If you haven't used Batch before, review Get started with Batch and enable Batch by completing the prerequisites for projects and users.
Make sure you have the permissions to create a reservation or view an existing reservation that you want a job's VMs to consume as needed.
To get the permissions that you need to create a job, ask your administrator to grant you the following IAM roles:
- Batch Job Editor (roles/batch.jobsEditor) on the project
- Service Account User (roles/iam.serviceAccountUser) on the job's service account, which by default is the default Compute Engine service account
For more information about granting roles, see Manage access to projects, folders, and organizations.

You might also be able to get the required permissions through custom roles or other predefined roles.

Restrictions

In addition to the general restrictions for reservations, Batch also has the following restrictions:

A job's VMs can't consume shared reservations.
A job's VMs can't consume reservations if either specify a compact placement policy.
If you create a job using the Google Cloud console, its VMs automatically consume matching reservations. To consume a specific reservation or block VMs from consuming reservations, you must define the reservation field when you create a job by using the gcloud CLI or Batch API instead.

Requirements

This section summarizes the requirements for a job's VMs to consume a reservation. For more information about all the requirements, see the general requirements for reservations in the Compute Engine documentation and the procedure for planning your configuration later in this document.

For a job's VMs to be generally capable of consuming a reservation, all the following conditions must be met:
- The job and reservation must specify VM properties that exactly match.
- You must comply with all the restrictions in this document and all the other general requirements for reservations.
For each of a job's VMs to successfully consume a reservation, the reservation must have unused capacity available during the VM's run time.

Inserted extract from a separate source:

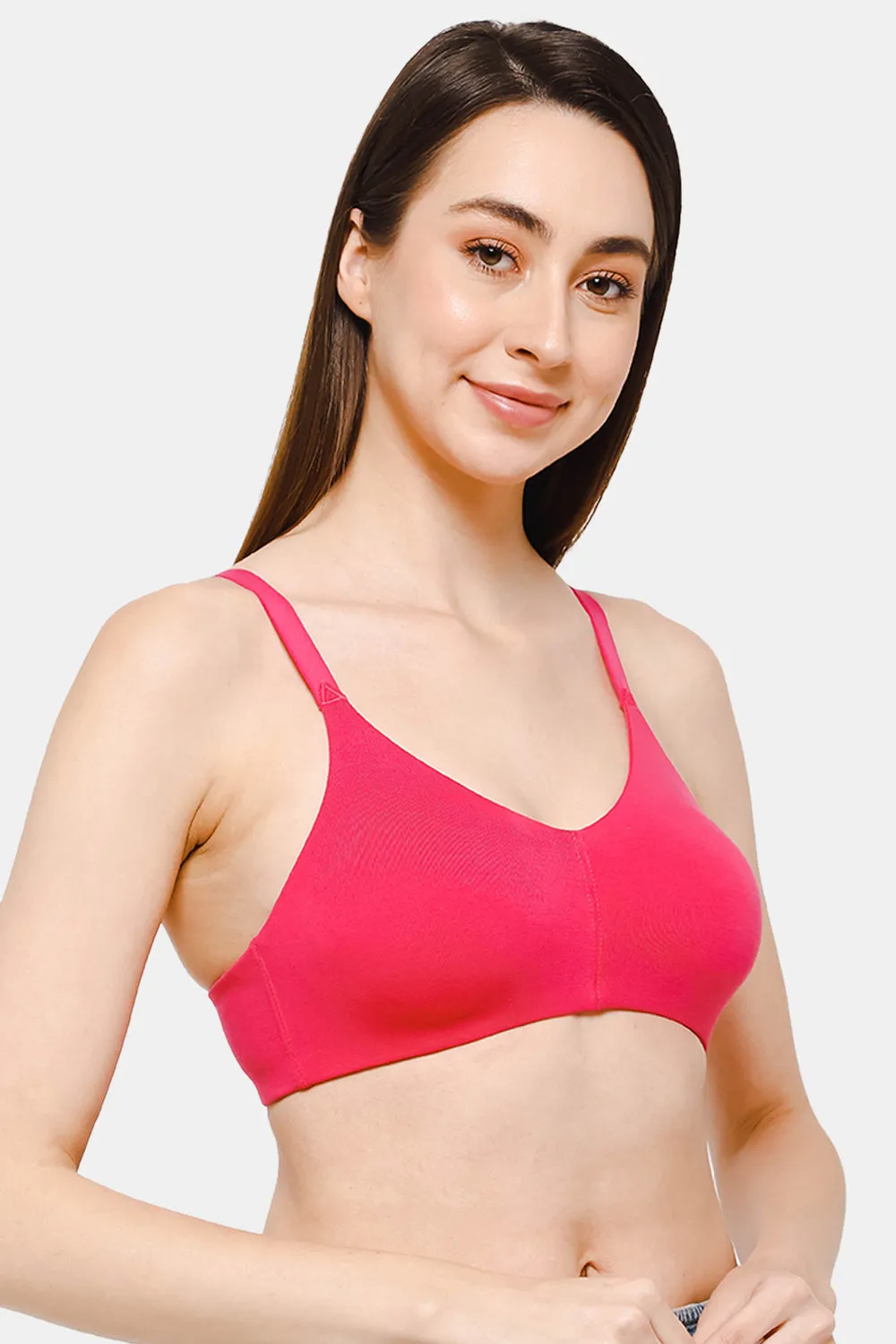 High Coverage Non-Wired Non-Padded Intimacy T-Shirt Bra - DEF S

A reservation's unused capacity is the difference between its VM count and the number of VMs currently consuming it. VMs attempt to consume reservations whenever you have unused reservation capacity. So, a VM can start consuming a reservation when the VM is created or later in its run time. A VM doesn't stop consuming a reservation until the VM stops running or the reservation is deleted.

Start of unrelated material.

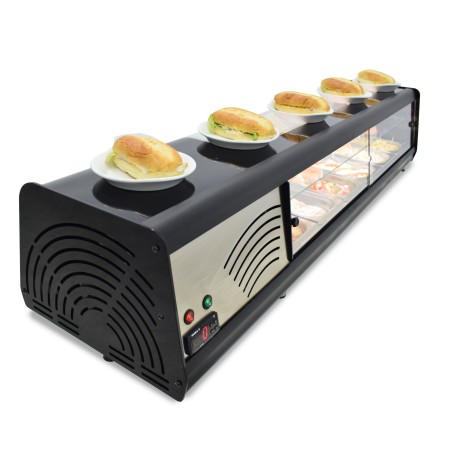 Vitrina Refrigerada de tapas placa lisa 8 bandejas doble piso Arilex GN1/3 8VTG-VISION DOBLE Vitrina Refrigerada de tapas placa lisa 8 bandejas doble piso Arilex GN1/3 8VTG-VISION DOBLE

Depending on your total unused reservation capacity, none, some, or all of a job's VMs might consume reservations, and the amount of reserved VMs might vary throughout the job's run time.

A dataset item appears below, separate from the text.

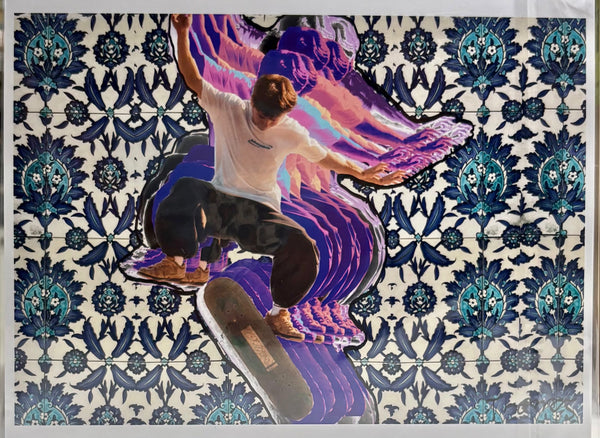 LANDING IN STYLE Print by OK Artist Dillion Thomas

Create and run a job that can consume reserved VMs

Plan your configuration. To make sure your job and reservation are compatible, complete the following steps.

If you want to consume a reservation that already exists, you must create a job with a corresponding configuration. Otherwise, if you plan to create a new reservation, select the configuration options that you prefer.
1. Determine the reservation properties. Due to the restrictions, the share type must be single-project, which is the default option for a reservation. Determine the values that you want to use for the following reservation properties:
  - Consumption type^*
  - VM count^†
  ^*The reservation's consumption type (specifically targeted or automatically consumed) determines which VMs can consume the reservation.
  
  ^†The VM count represents total capacity of a reservation. When deciding this value, consider the job's number of VMs.
2. Determine the VM properties for the job and reservation. Due to the restrictions, neither the job nor the reservation can specify a compact placement policy, which is the default option for both reservations and jobs. Determine the values that you want to use for the following VM properties, which must match exactly for the reservation and the job:
  - Project
  - Zone^*
  - Machine type^†
  - Minimum CPU platform^† (if any^‡)
  - GPU type and count^† (if any^‡)
  - Local SSD type and count^† (if any^‡)
  - Reservation affinity^†^#
  ^*The job VM's must be located in the same zone as the reserved VMs. You must either include this zone in the job's allowedLocations[] field or, if omitting the allowedLocations[] field, set the job's location to the region that contains this zone.
  
  ^†The job must define all these properties using either the policy subfields or a VM instance template. A job can't specify a combination of policy subfields and a template.
  
  ^‡ An optional field can't be defined for one resource and omitted from the other. Define or omit the optional field for both the reservation and the job. If the job specifies a VM instance template, this also applies to the fields of the specified template.
  
  ^#The reservation's consumption type determines the reservation affinity required for the job's VMs, which you must specify in the job as follows:
  - If the job is using a VM instance template, the template needs to configure the reservation affinity as explained in the reservations documentation.
  - If the job isn't using a template and the reservation is specifically targeted, specify the name of the reservation in the job's reservation field.
  - Otherwise, if the job isn't using a template and the reservation is automatically consumed, omit the job's reservation field.
Prepare the reservation. If you haven't already, create the reservation that you want the job's VMs to consume. Make sure the reservation has the properties you planned.
Create and run the job. You can create and run a job that consumes VMs from the prepared reservation by using the gcloud CLI or Batch API:

Important: Due to a known issue, jobs that consume reserved VMs might be incorrectly delayed or prevented from running. To workaround this issue, add a label with the name goog-batch-skip-quota-check and value true to the job-level labels field. For more information, see Known issues.
gcloud
1. Create a JSON file that specifies the job's configuration details that sets the VM instance resource (instances[]) subfields to exactly match the VM properties of a reservation.
  
  For example, to create a basic script job that consumes VMs from a reservation, create a JSON file with the following contents:
  { "taskGroups": [ { "taskSpec": { "runnables": [ { "script": { "text": "echo Hello world from task ${BATCH_TASK_INDEX}" } } ] }, "taskCount": 3 } ], "allocationPolicy": { "instances": [ { VM_RESOURCES } ], }, "logsPolicy": { "destination": "CLOUD_LOGGING" } }
  Replace VM_RESOURCES with the VM resources that match the reservation that you want to the job to consume by specifying the instances[] subfields that you planned in the previous steps.
  
  For example, start from the following value for VM_RESOURCES:
  "installGpuDrivers": INSTALL_GPU_DRIVERS, "policy": { "machineType": "MACHINE_TYPE", "minCpuPlatform": "MIN_CPU_PLATFORM", "accelerators": [ { "type": "GPU_TYPE", "count": GPU_COUNT } ], "disks": [ { "newDisk": { "sizeGb": LOCAL_SSD_SIZE, "type": "local-ssd" }, "deviceName": "LOCAL_SSD_NAME" } ], "reservation": "SPECIFIC_RESERVATION_NAME" }
  To use this value, make all the following changes:
  1. Do you want to use an instance template?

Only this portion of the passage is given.